Mr McGuire, of Thompsons Solicitors, added: “The source of the articles was clearly motivated to cause damage to the reputation and finances of the charity.

“The source was motivated by malice. That much is obvious and self-evident. The length of the OSCR investigation implied a decree of seriousness or guilt. However the delays were partly down to Covid, partly due to the large volume of information Wellbeing Scotland voluntarily provided and partly to down to fault on the part of OSCR. OSCR has upheld a complaint about the length of time that the investigation took.

“Janine Rennie did provide Police Scotland with details of rings of multiple abusers. Janine Rennie, other staff and a board member met with Police Scotland where they provided information on alleged abusers and the clients who reported them. The number of potential abuse rings were more than one. Wellbeing Scotland provided Police Scotland with a redacted database showing the number of clients who had reported abuse by multiple abusers.

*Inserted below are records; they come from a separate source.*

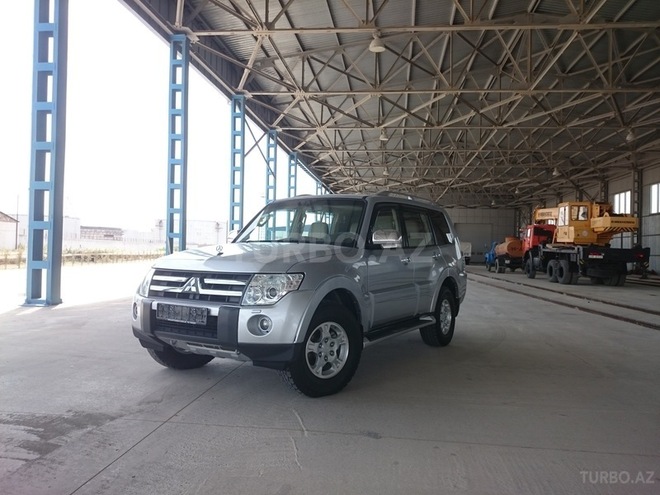 Mitsubishi Pajero 2007, 72,000 km - 3.0 l - Bakı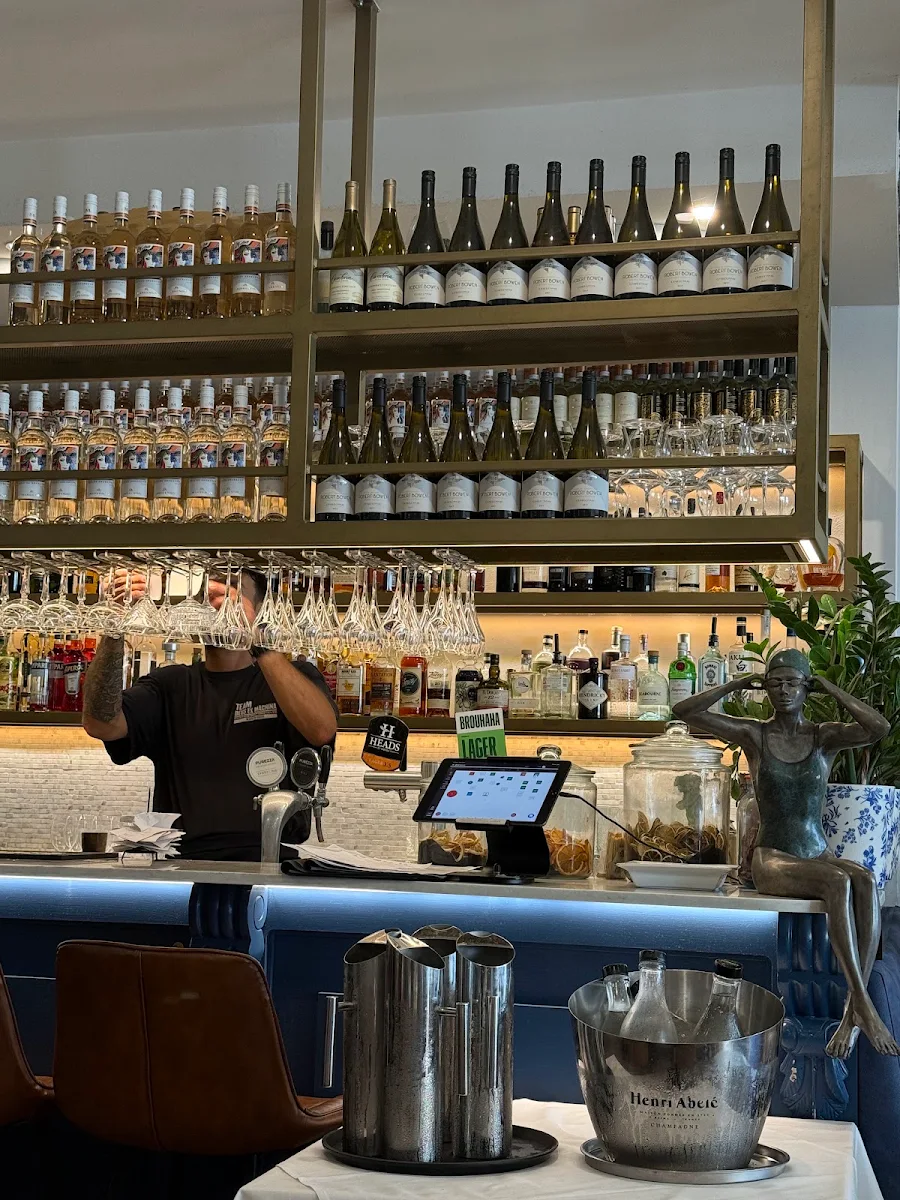 Vibe, Gusto Riverfront Restaurant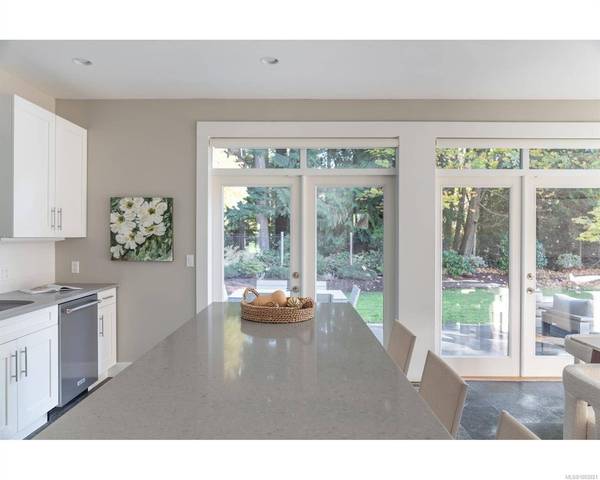 300 Sunningdale Rd, Qualicum Beach, BC V9K 1L3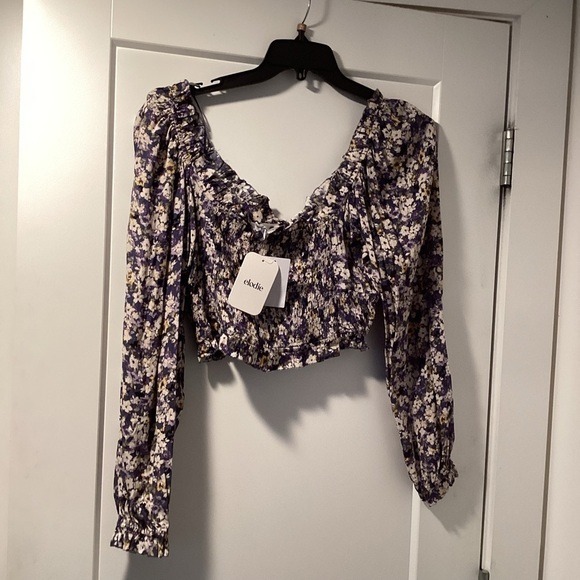 Nwt Elodie Long sleeve floral smocked crop top Size medium - Picture 1 of 4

"Janine Rennie provided the newspaper with names of officers within Police Scotland with whom she corresponded and provided information about this matter.  I can only presume no effort was made to contact the named officers. I have seen confidential correspondence regarding this matter where the meetings and communications did take place.”

Mr Irvine added: “This has been a very distressing time for Janine Rennie who works tirelessly on behalf of victims of child abuse. To make matters worse she was the victim of a stalker because of her work with the charity and an individual is now awaiting sentencing after pleading guilty at Alloa Sheriff Court.”

An OSCR spokesperson said: "OSCR’s inquiry related to the overall governance of the charity, and did not relate to the specific allegations in the October 2021 media reports. As our statement says, our inquiry found that there was no misconduct or failure by the charity trustees of Wellbeing Scotland to meet their trustee duties. However, we have made some recommendations to the charity trustees and we continue to work with the charity to ensure that these are addressed."